■ **Task to complete**
Using the listing below, set down exactly the lines from the one that contains "Küçükçekmece, İstanbul içerisinde" through the one that contains "Contact Lewis Phenix", with no pictures.

■ **Records provided**
....
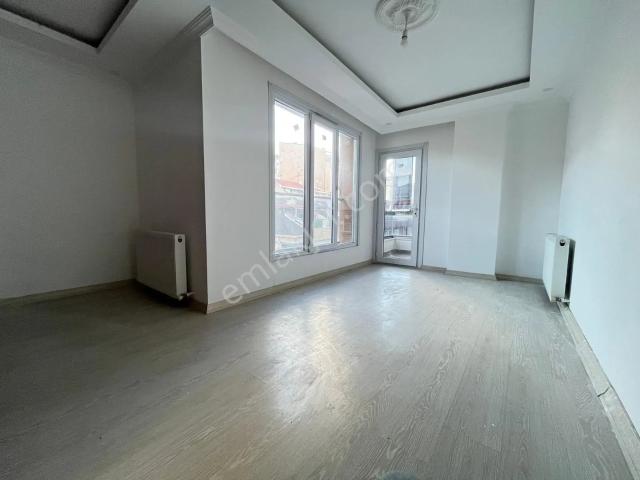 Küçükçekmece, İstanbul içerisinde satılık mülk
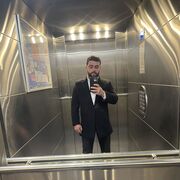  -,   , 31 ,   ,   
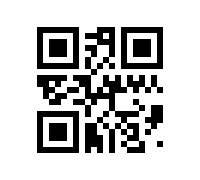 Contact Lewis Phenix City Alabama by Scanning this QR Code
....
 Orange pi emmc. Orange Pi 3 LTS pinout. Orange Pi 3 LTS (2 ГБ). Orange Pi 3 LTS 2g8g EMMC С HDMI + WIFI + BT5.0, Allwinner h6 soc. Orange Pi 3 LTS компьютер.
....
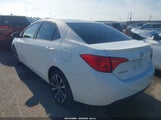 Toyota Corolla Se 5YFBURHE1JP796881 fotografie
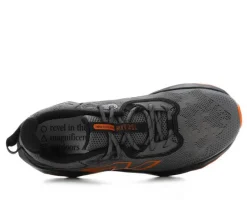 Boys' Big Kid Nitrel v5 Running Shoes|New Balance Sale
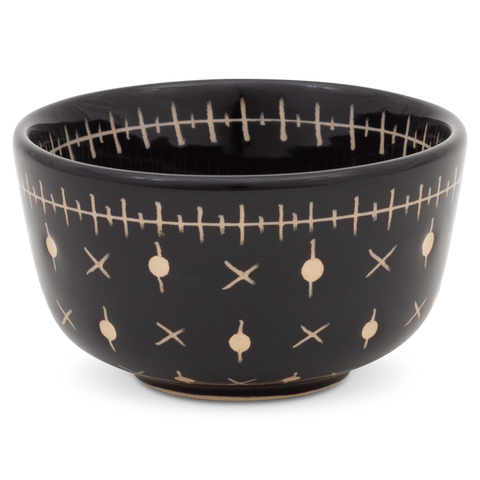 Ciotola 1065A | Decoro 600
....
■ **Task result**
 Küçükçekmece, İstanbul içerisinde satılık mülk
  -,   , 31 ,   ,   
 Contact Lewis Phenix City Alabama by Scanning this QR Code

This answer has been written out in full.